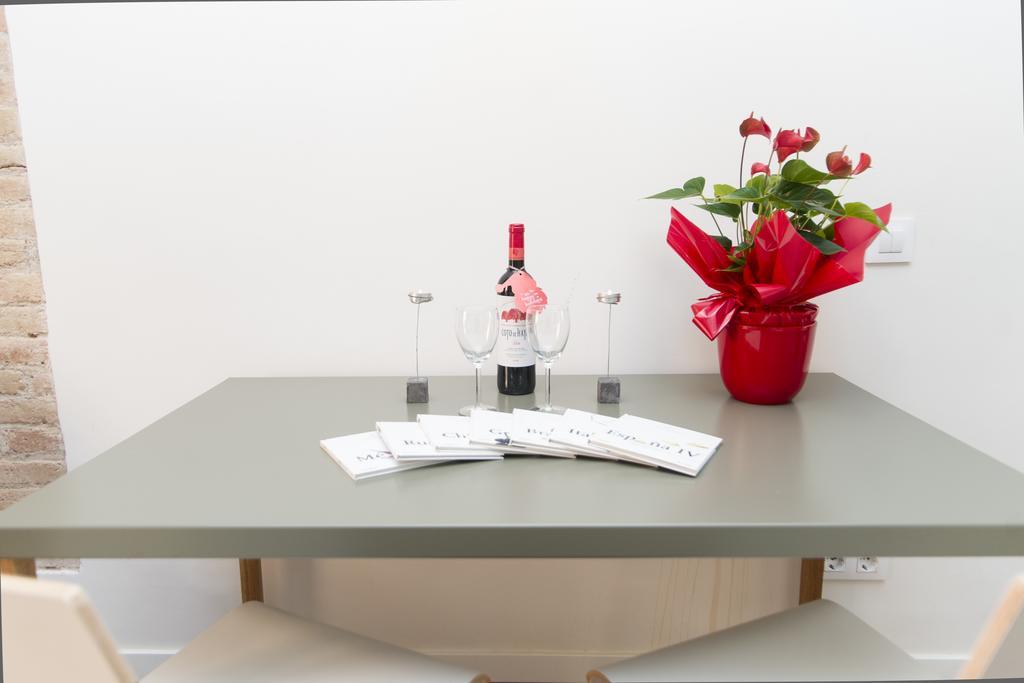 Apartments Barcelona Sagrada Δωμάτιο φωτογραφία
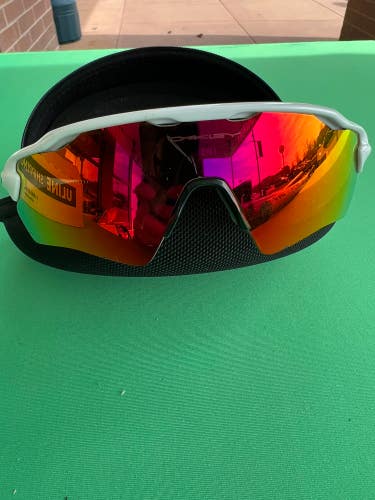 White Men's Used Adult XS Oakley Sunglasses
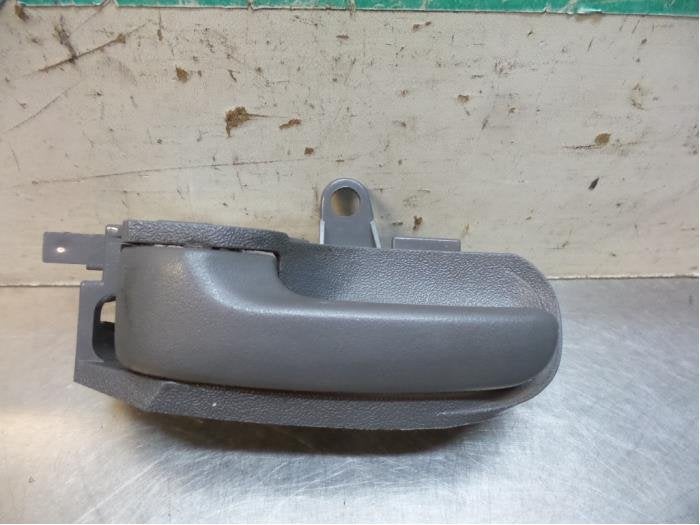 Poignée portière 4portes avant gauche d'un Peugeot 107 (10, -, 3 mois de garantie, Utilisé, -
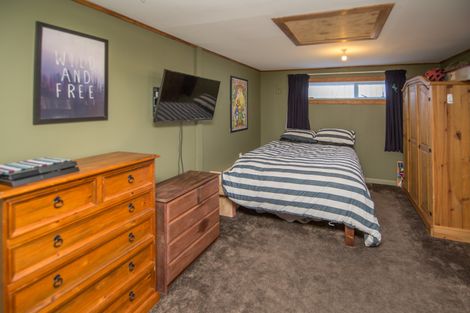 Photo of property in 332 Waterloo Road, Islington, Christchurch, 8042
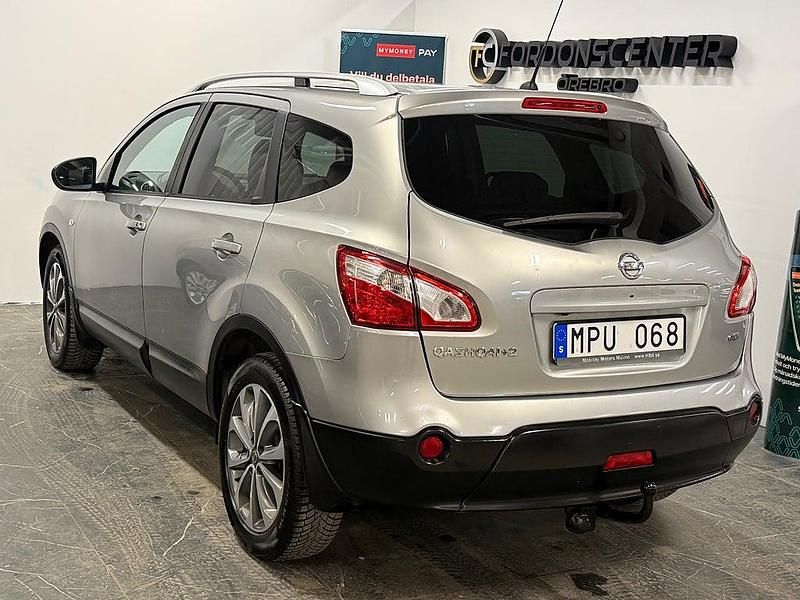 Begagnad Nissan Qashqai +2 150 HK (110 kW) 2010 Silver SUV
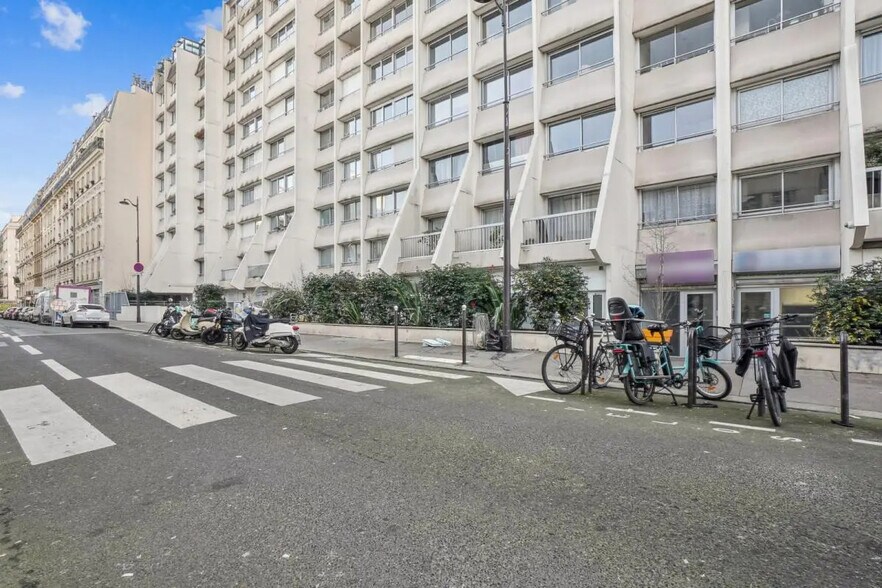 42 Rue De L'Aqueduc, Paris for lease - Building Photo - Image 2 of 17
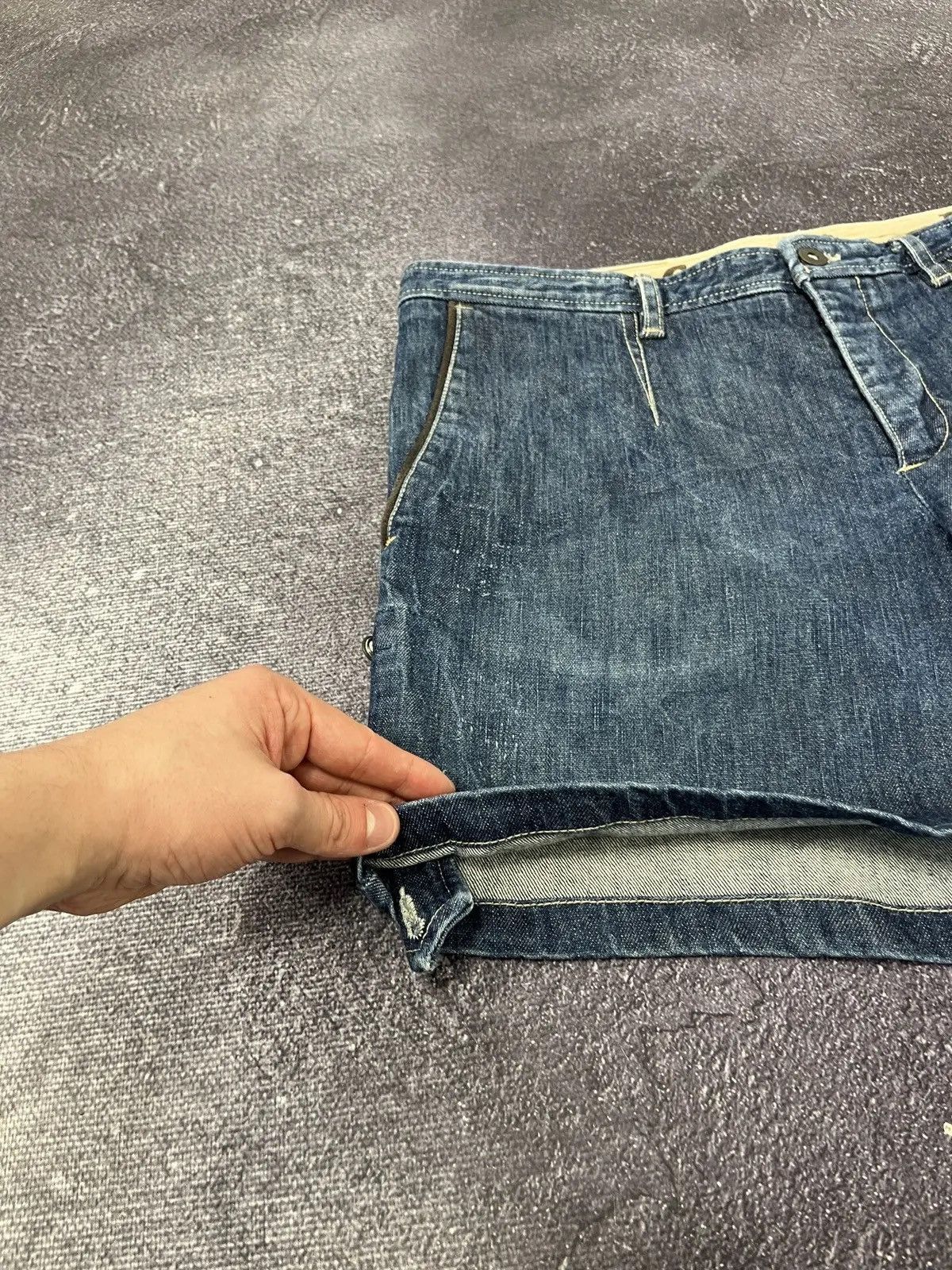 Dolce & Gabbana × Vintage Vintage Dolce & Gabanna Y2K Women's Luxury Mini Denim Shorts Size 34" / US 12 / IT 48 - 4 Thumbnail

● YOUR TASK
Every entry above needs to be copied exactly, and no pictures go with it.

● EXERCISE RESULT
 Apartments Barcelona Sagrada Δωμάτιο φωτογραφία
 White Men's Used Adult XS Oakley Sunglasses
 Poignée portière 4portes avant gauche d'un Peugeot 107 (10, -, 3 mois de garantie, Utilisé, -
 Photo of property in 332 Waterloo Road, Islington, Christchurch, 8042
 Begagnad Nissan Qashqai +2 150 HK (110 kW) 2010 Silver SUV
 42 Rue De L'Aqueduc, Paris for lease - Building Photo - Image 2 of 17
 Dolce & Gabbana × Vintage Vintage Dolce & Gabanna Y2K Women's Luxury Mini Denim Shorts Size 34" / US 12 / IT 48 - 4 Thumbnail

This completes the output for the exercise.